- WHAT YOU HAVE TO DO -
Print exactly the lines from the one that contains "Clarins Clarins Serum" through the final line of the entries below, both included, and nothing else; omit the pictures.

● ● ● ● ●

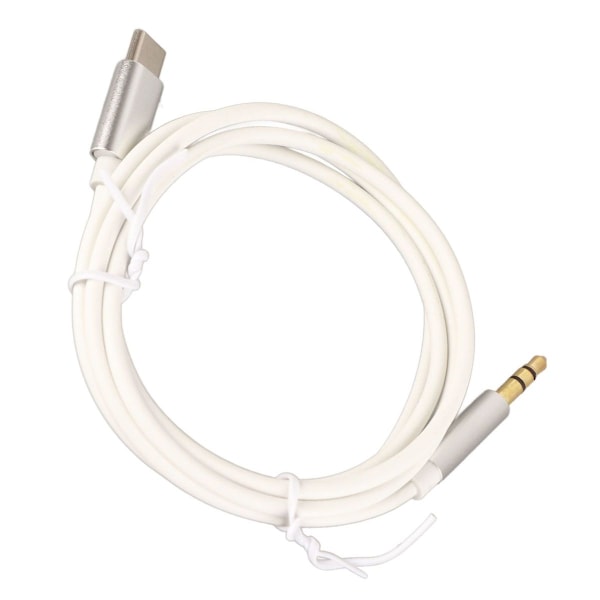 USB-C til 3,5 mm lyd Aux-kontaktkabel, stabil Type-C-adapter KLB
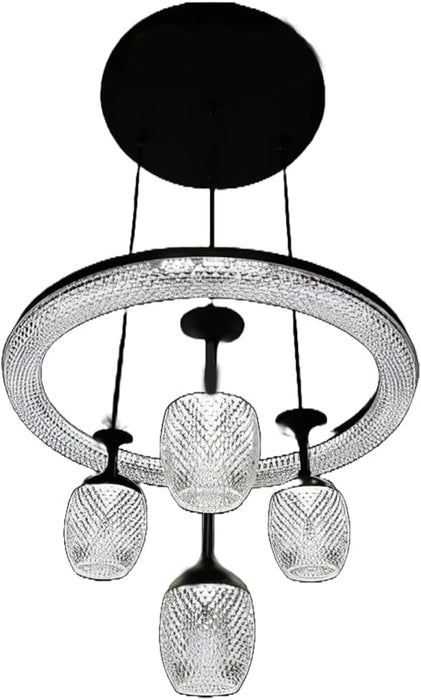 4Lihgt 3 color Living Room Chandelier Four Head Modern Lamp Simple Restaurant Lamp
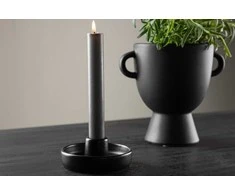 Venture Design Žvakidė, Otis, ø11 cm, Juoda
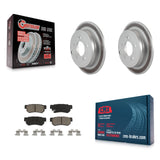 [Rear] 2006-2009 Hyundai Azera Premium Coated Rotors & Ceramic Pads Brake Kit For Max Braking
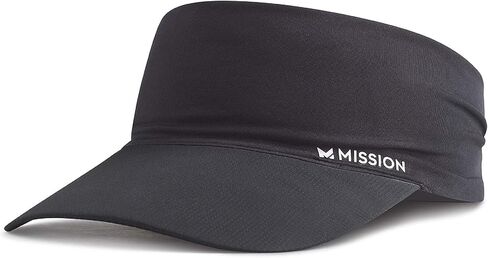 MISSION Cooling Stretchy Visor - Unisex Visor Hat for Men and Women, No Slip Band, UPF 50 Sun Protection Visor in Saudi Arabia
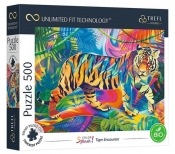 Trefl Puzzle 500 Color Splash: Tiger Encounter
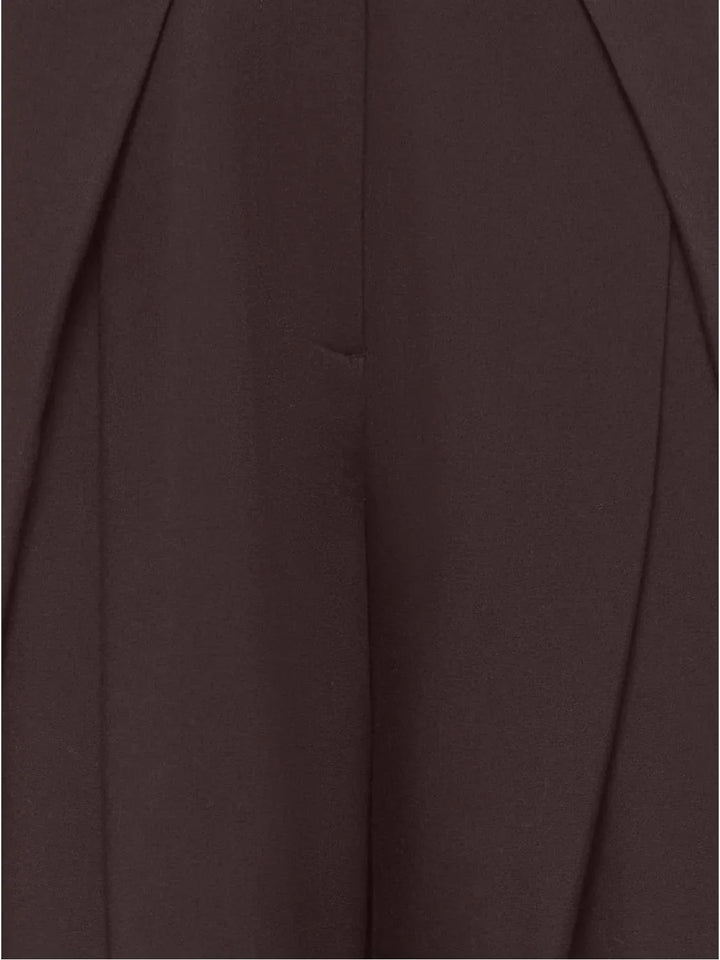 Only - Asmine Pleat Barrel Pant Tlr - 5200312 Coffee Bean Bukser 
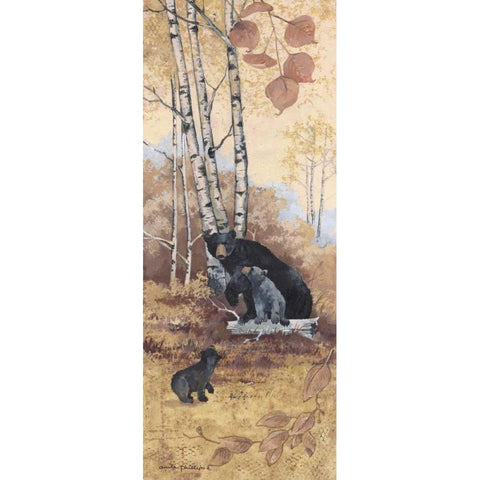 Trailing Behind White Modern Wood Framed Art Print by Phillips, Anita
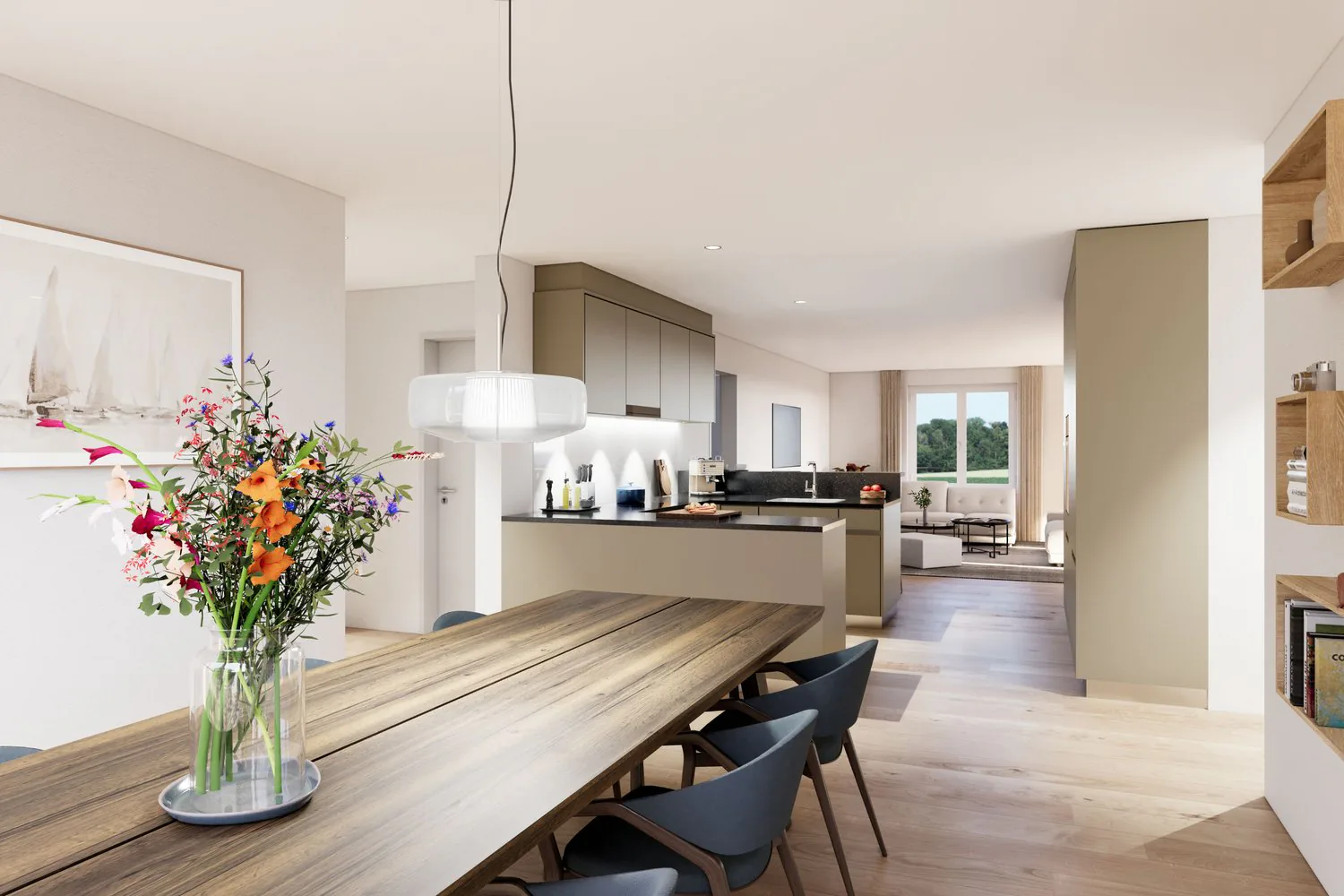 Family-friendly 5.5-room new apartment with lake view - construction has started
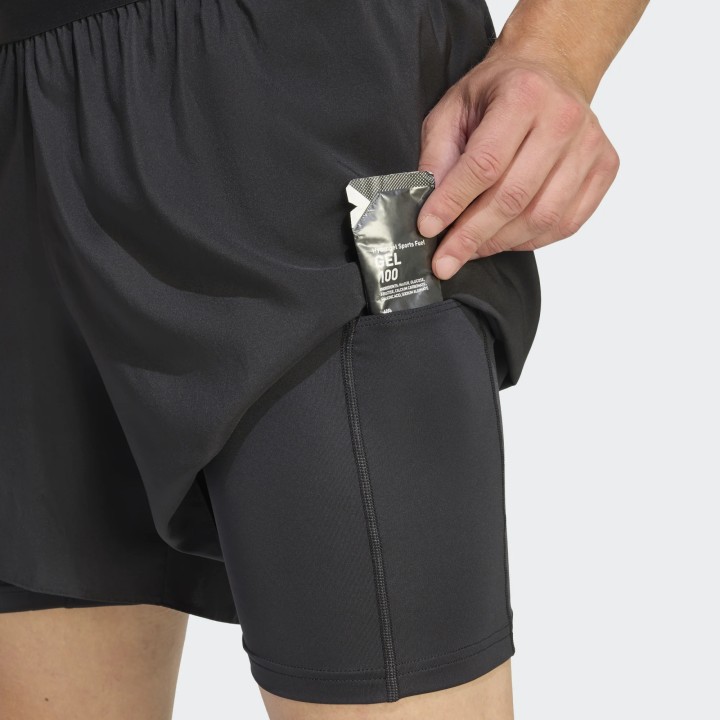 PANTALON CORTO ADIDAS MOD. RUN ESS 21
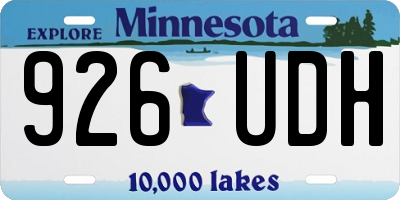 MN license plate 926UDH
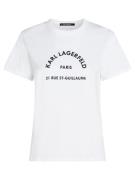 Karl Lagerfeld Paita 'Rue St-Guillaume'  musta / valkoinen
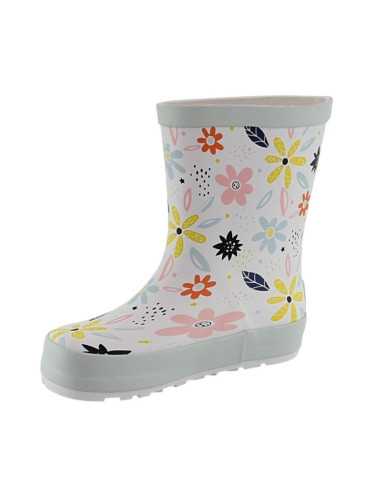Botas de agua goma flores Koel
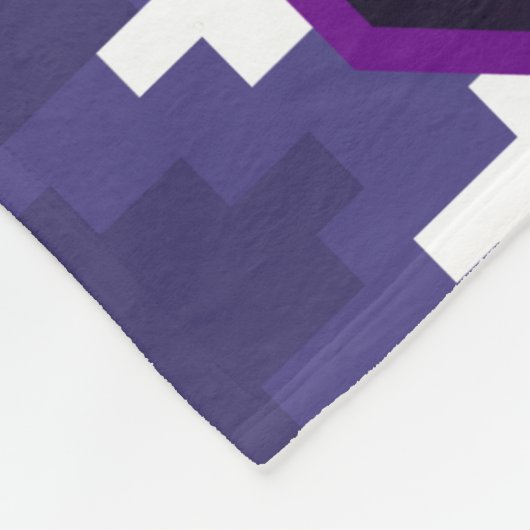 Niedlich Gamer Cat Blue Print Fleecedecke (Ecke)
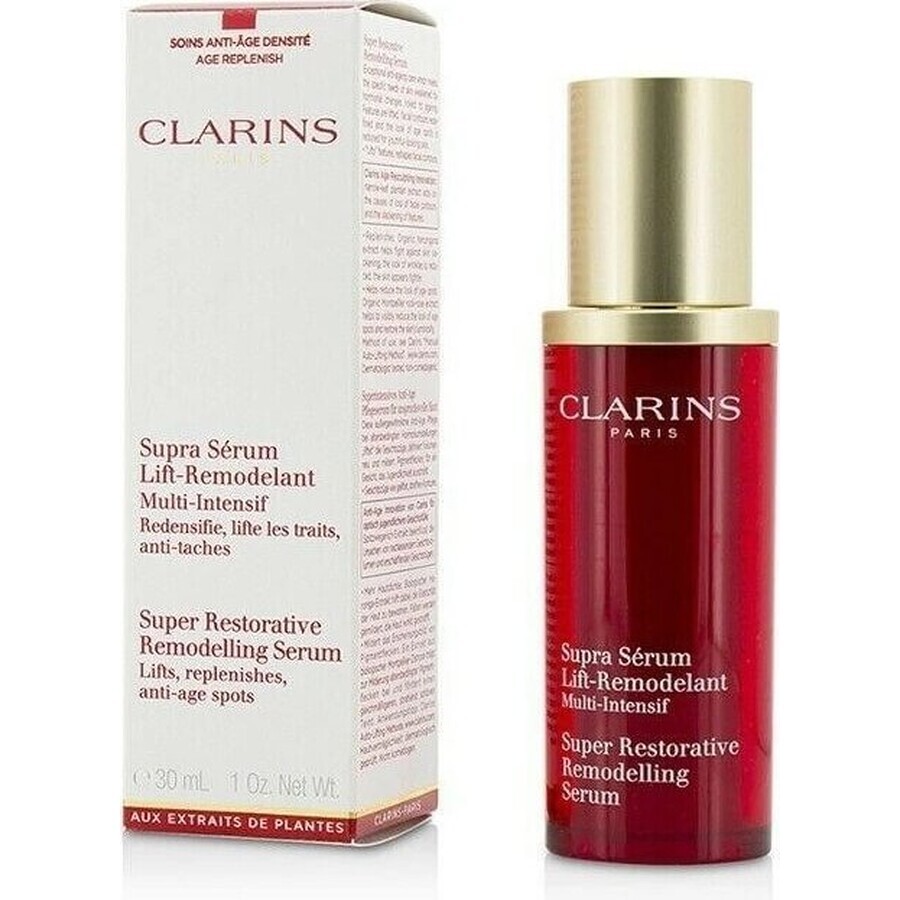 Clarins Clarins Serum Remodelante Antiedad Super Reparador 1×30 ml, Serum Remodelante Antiedad, Super Reparador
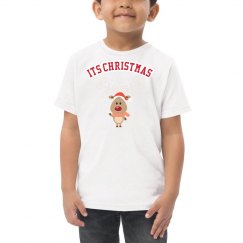 Its Christmas Reindeer Baby Tee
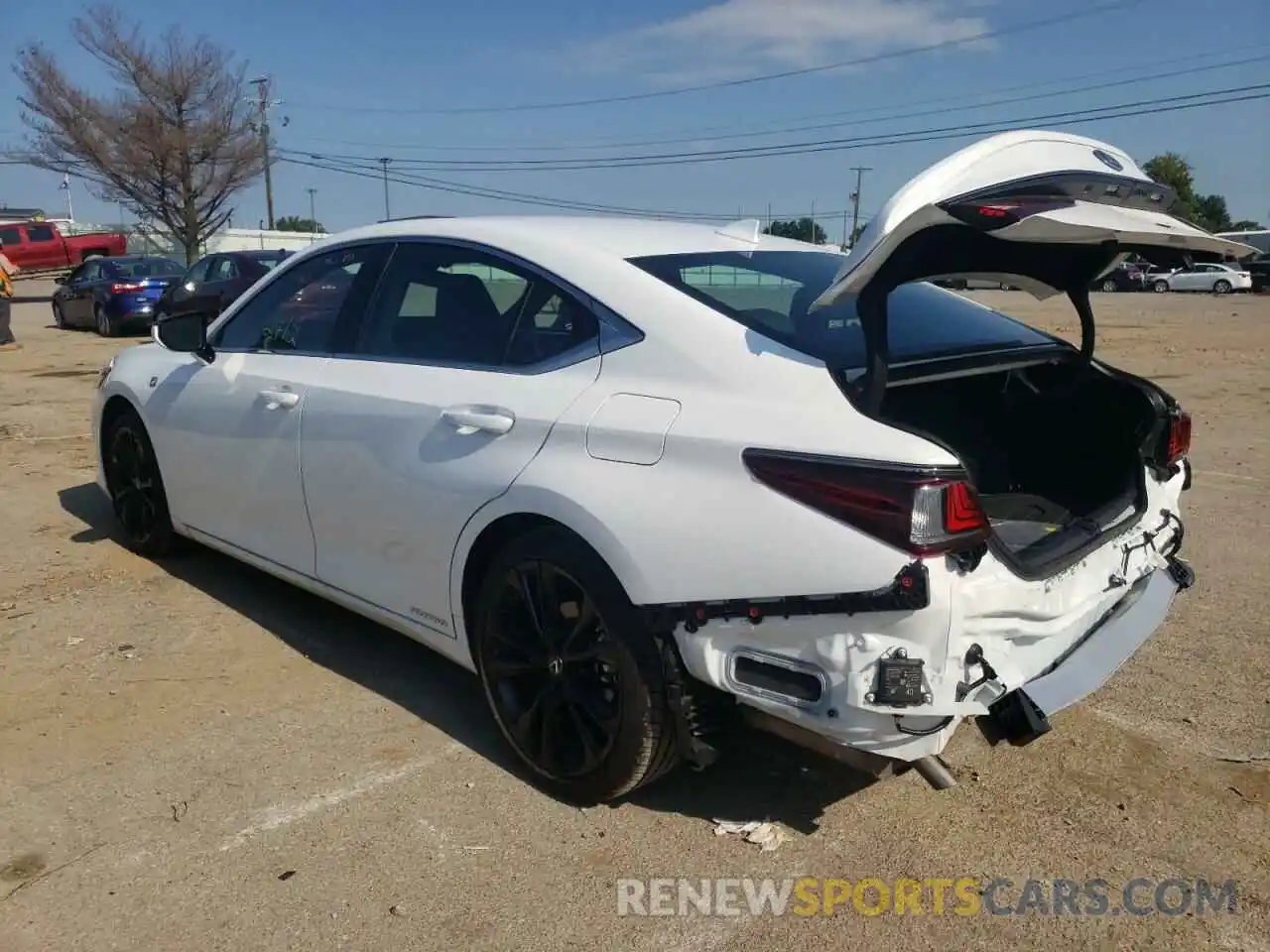 3 Photograph of a damaged car 58AGA1C10NU022445 LEXUS ES300 2022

● ● ● ● ●

- EXERCISE ANSWER -
 Clarins Clarins Serum Remodelante Antiedad Super Reparador 1×30 ml, Serum Remodelante Antiedad, Super Reparador
 Its Christmas Reindeer Baby Tee
 3 Photograph of a damaged car 58AGA1C10NU022445 LEXUS ES300 2022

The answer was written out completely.